◆ **YOUR GOAL**
Taking only the lines of the data below from the line with "Remove from album" to the line with "saia - 2026-04-04T21:00:33.349000", ends included, write them out exactly and without pictures.

(Image-text web data)

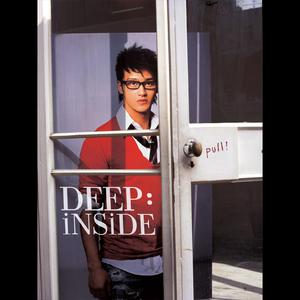 妈妈帮你打脚枪
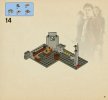 Building Instructions - LEGO - 4738 - Hagrid's Hut: Page 41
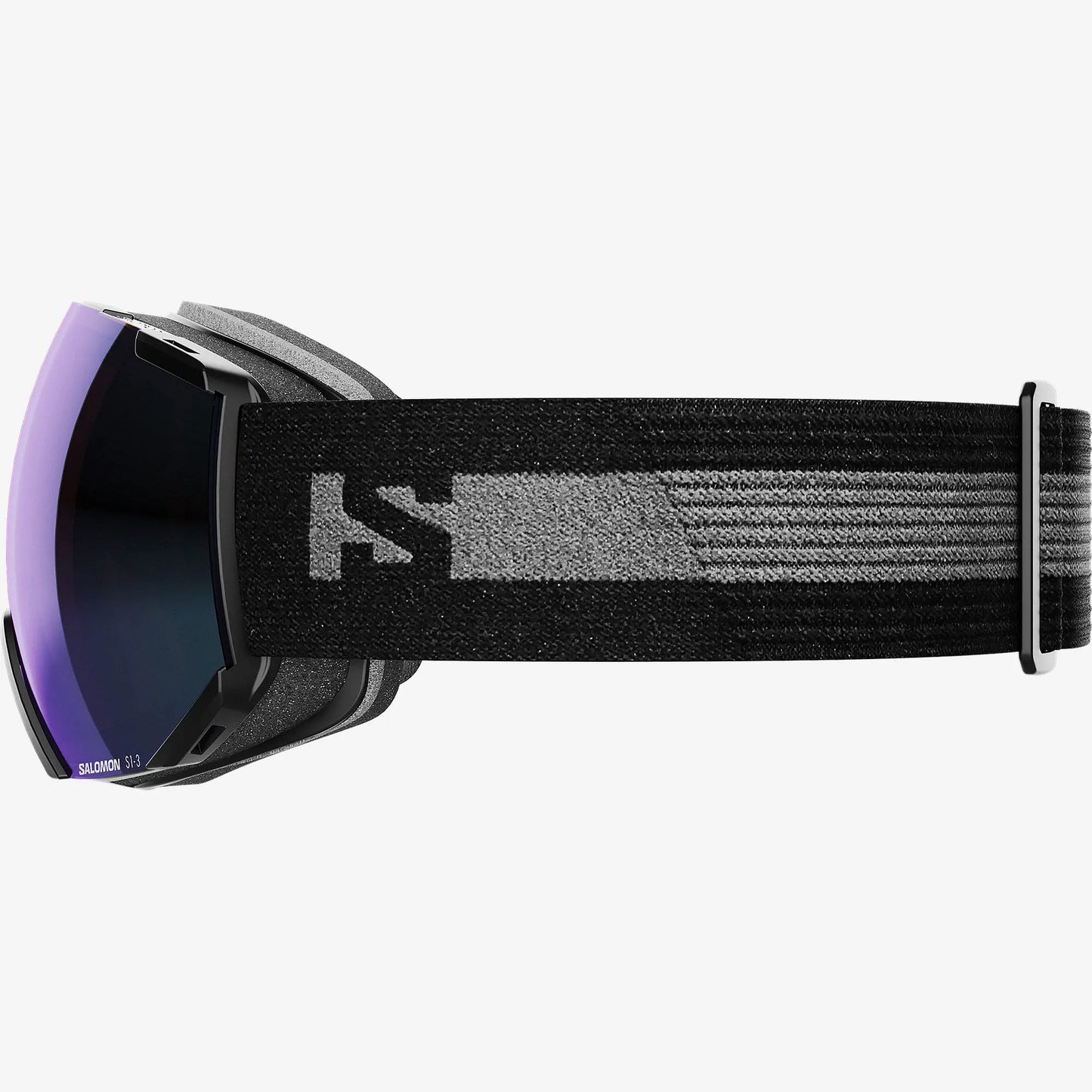 SALOMON RADIUM PHOTOCHROMIC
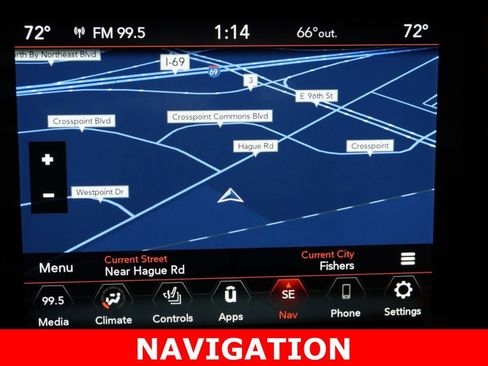 Used 2020 Jeep Gladiator Rubicon image 19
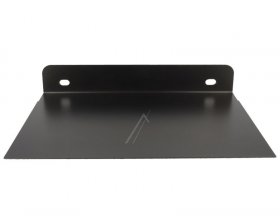 Housing Part - 1009915 Sheet For Turbine [Amica]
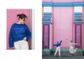Cozy Colors &ndash; Nordic Knits from Copenhagen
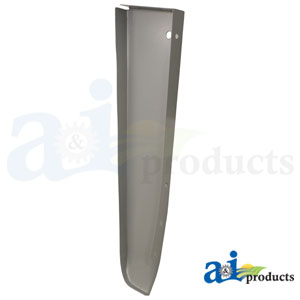 A-510458M2 Panel, Front Side (LH) PN: 510458M2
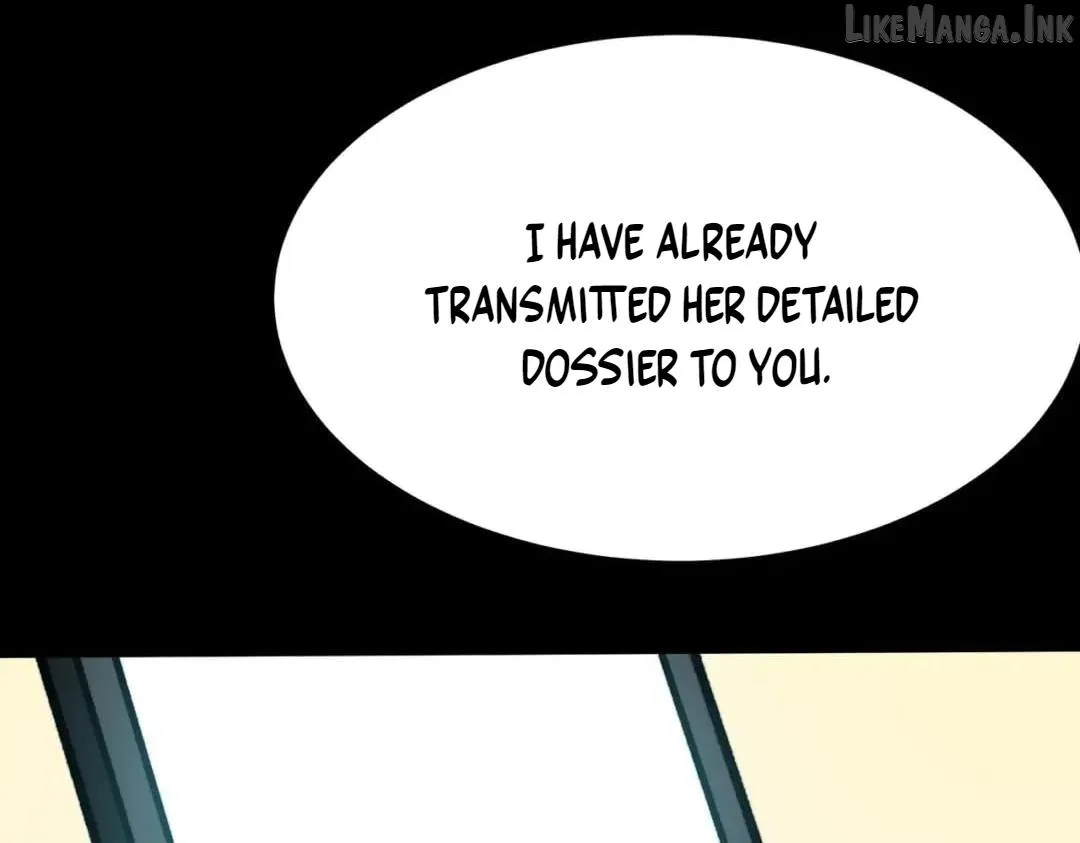 After the School Belle Dumped Me, I Became a Martial Arts God Chapter 120 page 4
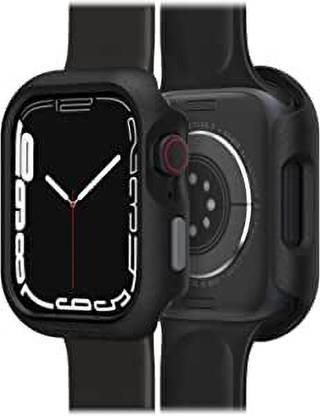 Otterbox apple watch 7 screen protector clearance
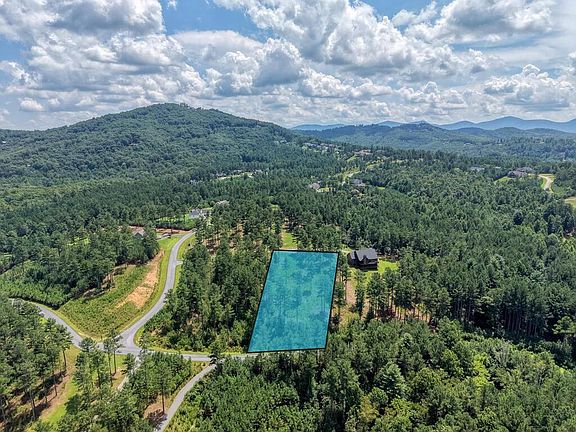 5th image of LOT 348 Loop Ln
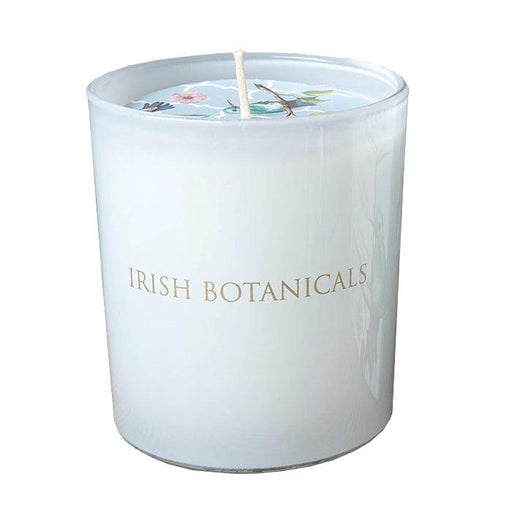 Irish Botanicals Candles - Blooming Bluebells | {{ collection.title }}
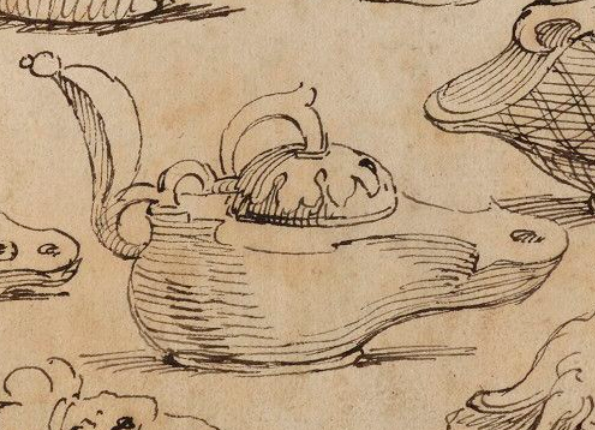 openseadragon-render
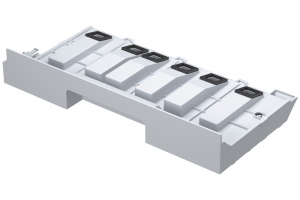 Epson Borderless Maintenance Tank 17"
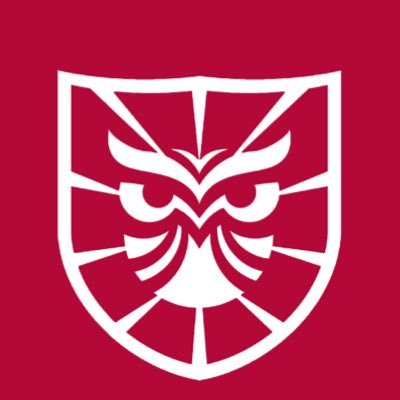 Cherry Crusade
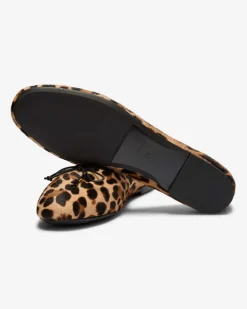 Cavallino Ballerinas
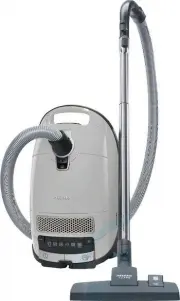 Miele S8310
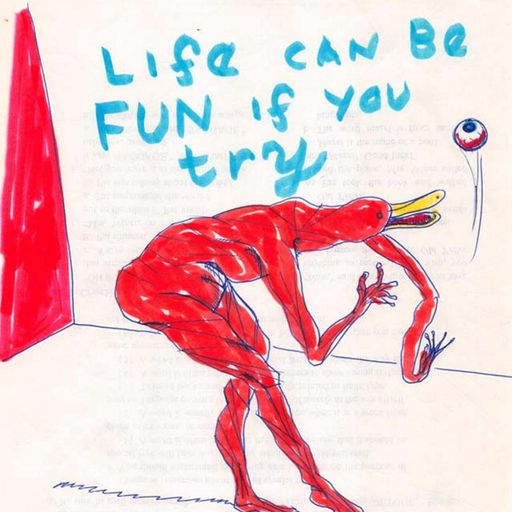 Healthy Competition w/ Craig Pollard - July 2022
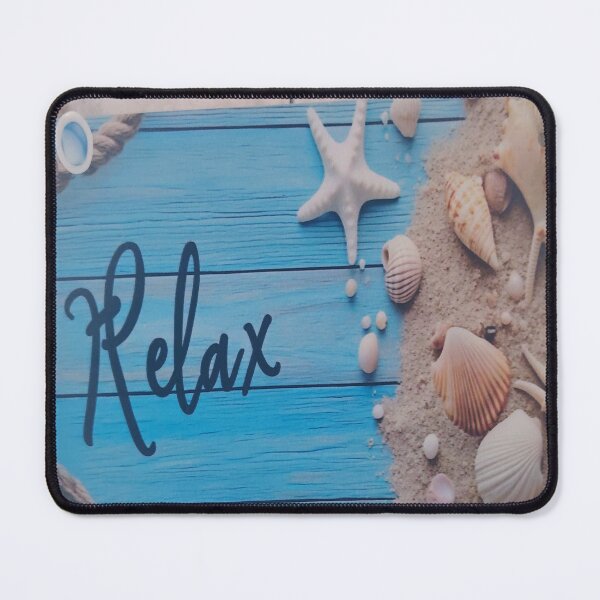Item preview, relax designed and sold by Calemsamazonia.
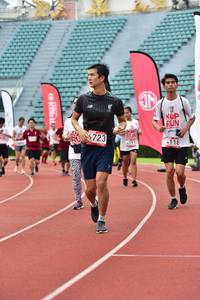 BIB: 723, 4118
                            <button type="button" onclick="openModal(6106280)" class="btn btn-primary btn-sm float-right btn-popup" data-toggle="modal" data-target=".modal-high-quality">
                        <i class="fas fa-shopping-cart"></i> Add to Cart
                    </button>
                                            <button type="button" onclick="isThisMe(6106280, true)" class="btn btn-success btn-sm float-right btn-popup btn-isme hidden" data-toggle="tooltip" data-placement="bottom" title="นี่คือรูปของคุณใช่ไหม คลิกที่นี่เพื่อเอาเข้าอัลบั้ม">
                        <i class="fas fa-plus"></i> Add to album
                    </button>
                    <button type="button" onclick="isThisMe(6106280, false)" class="btn btn-warning btn-sm float-right btn-popup btn-isnotme hidden">
                        <i class="fas fa-ban"></i> Remove from album
                    </button>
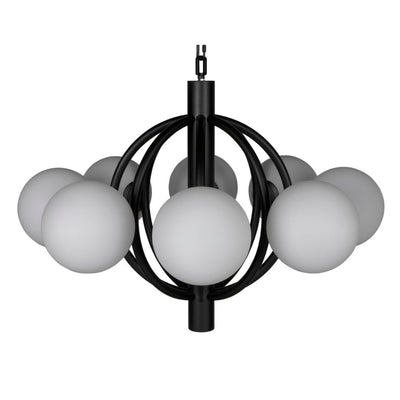 product image for Carousel Chandelier 1 41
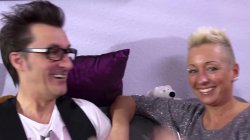 'Moli Trifft - Lullu, Mandy, Und Anna' screenshot nº 80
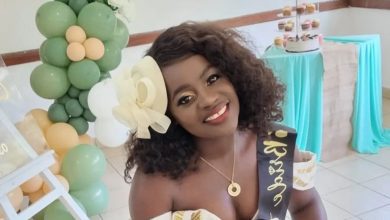 photos:-did-akothee-skip-her-sister’s-bridal-shower?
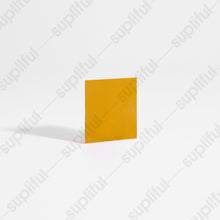 Load image into Gallery viewer, Sleep Strips
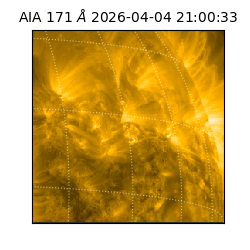 saia - 2026-04-04T21:00:33.349000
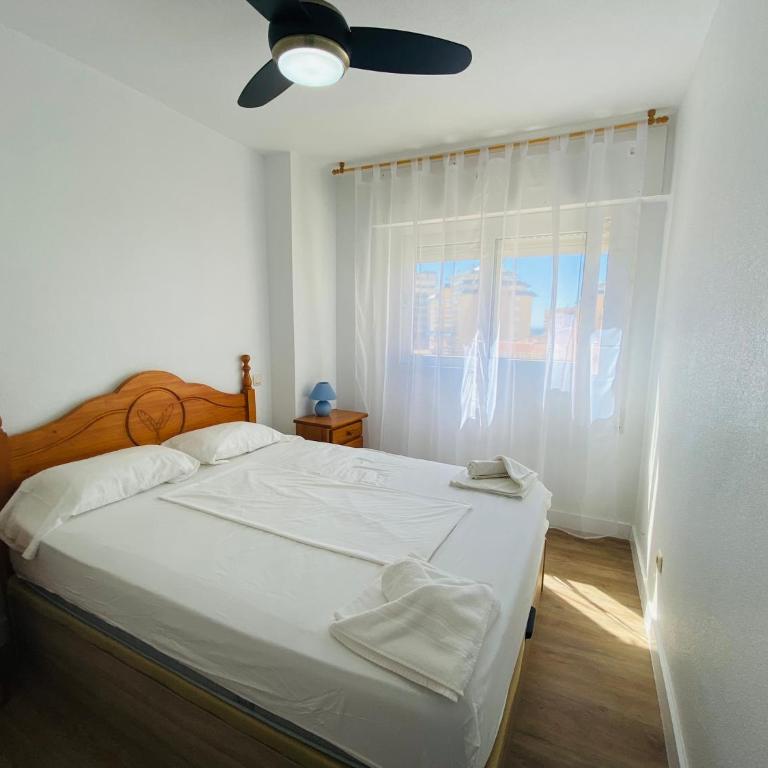 Marinasol by Alina365 - Apartamento de 1 dormitorio - 2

◆ **RESPONSE TO THE EXERCISE**
                        <i class="fas fa-ban"></i> Remove from album
                    </button>
 product image for Carousel Chandelier 1 41
 'Moli Trifft - Lullu, Mandy, Und Anna' screenshot nº 80
 photos:-did-akothee-skip-her-sister’s-bridal-shower?
 Load image into Gallery viewer, Sleep Strips
 saia - 2026-04-04T21:00:33.349000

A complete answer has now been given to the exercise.